CU Boulder study: Last piece of North American ice sheet will be gone in a few hundred years

BOULDER, Colo. – The last remaining piece of the ice shelf that once covered much of North America could be gone in as little as 200 years, according to a new study from scientists at CU Boulder and Simon Fraser University in British Columbia.

The Barnes Ice Cap on Baffin Island in the Canadian Arctic is currently about the size of Delaware and is 500 meters thick. It’s part of an ice sheet that has grown and shrunk over the years and as of about 20,000 years ago, it was about a mile thick where Chicago now sits.

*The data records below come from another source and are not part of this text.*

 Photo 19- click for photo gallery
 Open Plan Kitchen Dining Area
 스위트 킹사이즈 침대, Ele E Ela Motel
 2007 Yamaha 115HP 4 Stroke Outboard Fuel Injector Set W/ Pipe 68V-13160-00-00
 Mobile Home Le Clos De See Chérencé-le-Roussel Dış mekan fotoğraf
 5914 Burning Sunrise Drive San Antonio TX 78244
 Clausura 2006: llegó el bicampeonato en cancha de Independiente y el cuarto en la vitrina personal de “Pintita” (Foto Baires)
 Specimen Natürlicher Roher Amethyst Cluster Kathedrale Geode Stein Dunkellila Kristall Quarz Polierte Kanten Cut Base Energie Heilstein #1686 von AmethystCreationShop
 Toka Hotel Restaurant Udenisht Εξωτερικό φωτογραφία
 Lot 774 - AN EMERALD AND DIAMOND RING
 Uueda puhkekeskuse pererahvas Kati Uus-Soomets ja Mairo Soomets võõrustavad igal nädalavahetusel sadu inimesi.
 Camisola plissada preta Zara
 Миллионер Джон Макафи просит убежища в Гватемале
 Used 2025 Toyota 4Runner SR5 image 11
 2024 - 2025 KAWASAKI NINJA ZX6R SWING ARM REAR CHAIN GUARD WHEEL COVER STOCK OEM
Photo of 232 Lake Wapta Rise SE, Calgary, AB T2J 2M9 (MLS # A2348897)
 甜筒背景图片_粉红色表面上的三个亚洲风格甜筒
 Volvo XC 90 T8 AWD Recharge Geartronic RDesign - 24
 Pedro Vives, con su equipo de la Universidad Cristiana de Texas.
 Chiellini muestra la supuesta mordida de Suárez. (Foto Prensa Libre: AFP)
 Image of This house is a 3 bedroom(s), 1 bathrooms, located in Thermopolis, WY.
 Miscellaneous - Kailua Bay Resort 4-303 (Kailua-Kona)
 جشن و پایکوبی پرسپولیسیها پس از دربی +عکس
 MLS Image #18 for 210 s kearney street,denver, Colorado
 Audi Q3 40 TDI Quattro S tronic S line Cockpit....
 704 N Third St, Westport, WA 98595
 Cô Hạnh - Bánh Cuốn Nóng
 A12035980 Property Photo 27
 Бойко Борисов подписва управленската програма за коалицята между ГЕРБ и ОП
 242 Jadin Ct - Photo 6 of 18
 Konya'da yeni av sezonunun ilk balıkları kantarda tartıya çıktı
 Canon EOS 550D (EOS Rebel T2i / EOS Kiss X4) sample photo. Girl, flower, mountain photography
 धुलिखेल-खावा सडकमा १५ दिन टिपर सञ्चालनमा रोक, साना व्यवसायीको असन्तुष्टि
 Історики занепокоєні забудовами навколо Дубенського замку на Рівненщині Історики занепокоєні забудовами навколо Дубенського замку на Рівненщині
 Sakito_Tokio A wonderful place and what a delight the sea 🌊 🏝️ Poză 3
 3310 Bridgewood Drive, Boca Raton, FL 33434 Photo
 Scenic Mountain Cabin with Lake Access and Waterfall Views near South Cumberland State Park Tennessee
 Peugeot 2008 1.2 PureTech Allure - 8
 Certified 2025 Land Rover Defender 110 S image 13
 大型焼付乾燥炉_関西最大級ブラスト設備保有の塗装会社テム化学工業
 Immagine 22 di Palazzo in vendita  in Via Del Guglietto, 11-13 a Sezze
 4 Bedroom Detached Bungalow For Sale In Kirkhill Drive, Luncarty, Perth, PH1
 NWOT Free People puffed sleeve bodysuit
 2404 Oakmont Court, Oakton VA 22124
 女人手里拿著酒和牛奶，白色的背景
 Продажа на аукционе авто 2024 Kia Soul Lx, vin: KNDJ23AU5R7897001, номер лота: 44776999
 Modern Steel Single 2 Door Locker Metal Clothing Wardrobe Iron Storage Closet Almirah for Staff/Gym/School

CU Boulder scientist Gifford Miller and the study’s co-authors estimate that under any possible greenhouse gas emission scenario, the Barnes Ice Cap will be gone in 200 to 500 years. Using a model in which greenhouse gas emissions peak around the year 2040, the scientists estimated the ice cap would be gone in about 300 years.

Even if humans are able to reduce their greenhouse gas emissions, it wouldn’t save the ice cap, the scientists say, marking a monumental change for an ice sheet that has been around for 2.5 million years or so.

“The geological data is pretty clear that the Barnes Ice Cap almost never disappears in the interglacial times,” Miller said. “The fact that it’s disappearing now says we’re really outside of what we’ve experienced in 2.5 million-year interval. We are entering a new climate state.”

By studying isotopes created by cosmic rays that have been trapped in rocks around the ice cap, scientists estimate that it’s only been as small as it is now three times during its lifetime.

The melting of the Barnes Ice Cap isn’t likely to have a noticeable effect on sea levels, but its demise could be bad news for larger ice sheets like those on Greenland and Antarctica, which have a more direct effect on rising sea levels.

“I think the disappearance of the Barnes Ice Cap would be just a scientific curiosity if it were not so unusual,” Miller said.

The study is available online from the journal Geophysical Research Letters.